[DATASET RECORDS Boundary: Start]
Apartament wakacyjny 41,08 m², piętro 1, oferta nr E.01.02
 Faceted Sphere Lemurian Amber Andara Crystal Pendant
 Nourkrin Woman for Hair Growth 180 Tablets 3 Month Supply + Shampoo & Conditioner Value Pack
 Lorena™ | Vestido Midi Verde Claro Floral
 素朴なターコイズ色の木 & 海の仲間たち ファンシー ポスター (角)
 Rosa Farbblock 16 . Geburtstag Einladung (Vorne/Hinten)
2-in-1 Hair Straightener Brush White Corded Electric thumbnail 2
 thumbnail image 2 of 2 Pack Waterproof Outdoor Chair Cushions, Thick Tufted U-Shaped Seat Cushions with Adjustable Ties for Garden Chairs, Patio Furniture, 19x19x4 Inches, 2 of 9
[DATASET RECORDS Boundary: End]
PROBLEM DETAILS:
Go through the records above and copy each line where "thumbnail" is found.

ANSWER TO THIS EXERCISE:
2-in-1 Hair Straightener Brush White Corded Electric thumbnail 2
 thumbnail image 2 of 2 Pack Waterproof Outdoor Chair Cushions, Thick Tufted U-Shaped Seat Cushions with Adjustable Ties for Garden Chairs, Patio Furniture, 19x19x4 Inches, 2 of 9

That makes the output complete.